● Exercise details
Each line of the listing must be transcribed exactly, except for the images, which should be excluded.

● Dataset extract
------------------------------

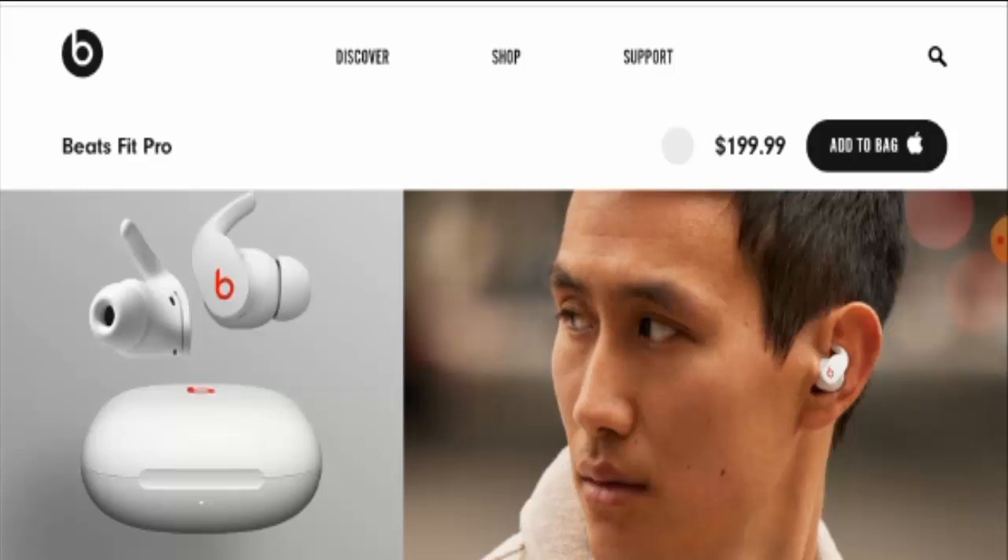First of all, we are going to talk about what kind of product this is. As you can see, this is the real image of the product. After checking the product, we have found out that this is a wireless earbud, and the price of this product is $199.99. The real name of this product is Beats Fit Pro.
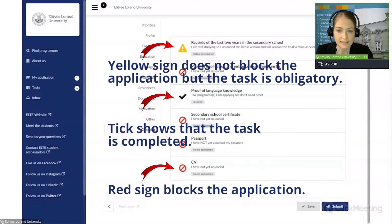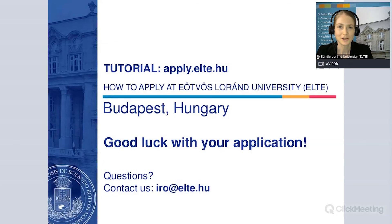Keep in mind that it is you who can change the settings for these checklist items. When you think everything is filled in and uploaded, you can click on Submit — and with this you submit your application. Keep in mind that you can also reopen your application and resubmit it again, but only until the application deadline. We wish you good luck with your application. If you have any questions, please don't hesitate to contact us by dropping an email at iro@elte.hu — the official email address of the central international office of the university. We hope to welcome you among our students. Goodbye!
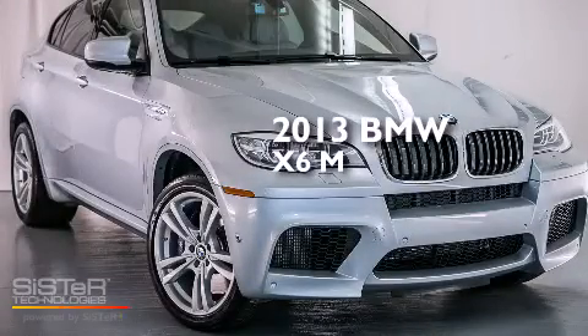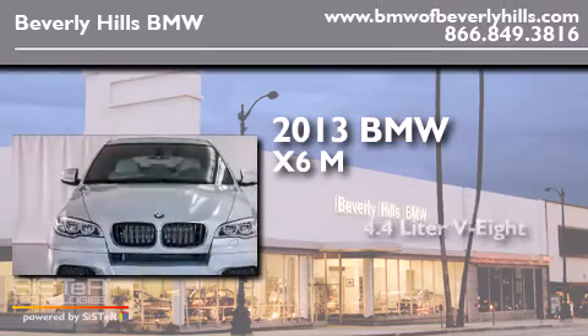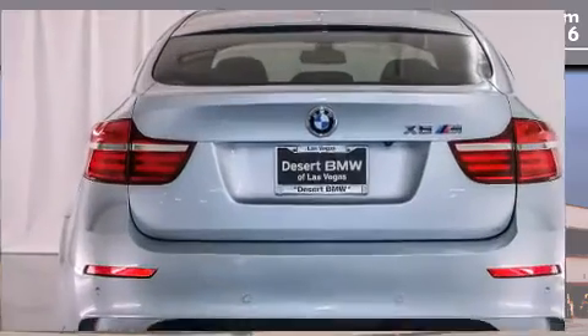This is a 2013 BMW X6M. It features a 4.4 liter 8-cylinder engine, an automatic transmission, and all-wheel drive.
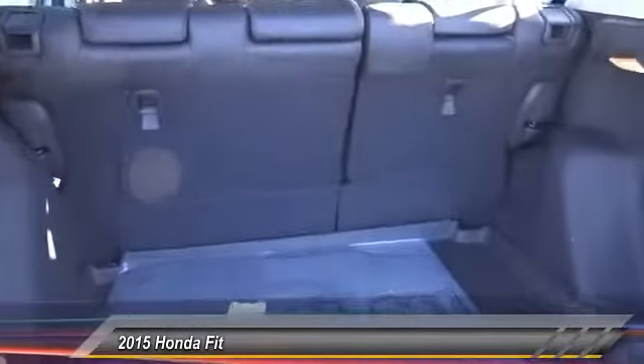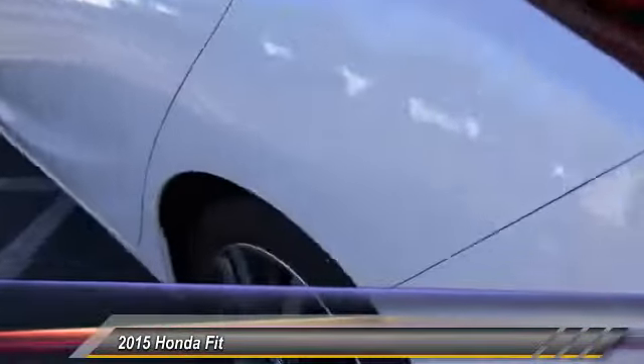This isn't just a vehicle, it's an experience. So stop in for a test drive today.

------------------------------

● Answer area
First of all, we are going to talk about what kind of product this is. As you can see, this is the real image of the product. After checking the product, we have found out that this is a wireless earbud, and the price of this product is $199.99. The real name of this product is Beats Fit Pro.
Keep in mind that it is you who can change the settings for these checklist items. When you think everything is filled in and uploaded, you can click on Submit — and with this you submit your application. Keep in mind that you can also reopen your application and resubmit it again, but only until the application deadline. We wish you good luck with your application. If you have any questions, please don't hesitate to contact us by dropping an email at iro@elte.hu — the official email address of the central international office of the university. We hope to welcome you among our students. Goodbye!
This is a 2013 BMW X6M. It features a 4.4 liter 8-cylinder engine, an automatic transmission, and all-wheel drive.
This isn't just a vehicle, it's an experience. So stop in for a test drive today.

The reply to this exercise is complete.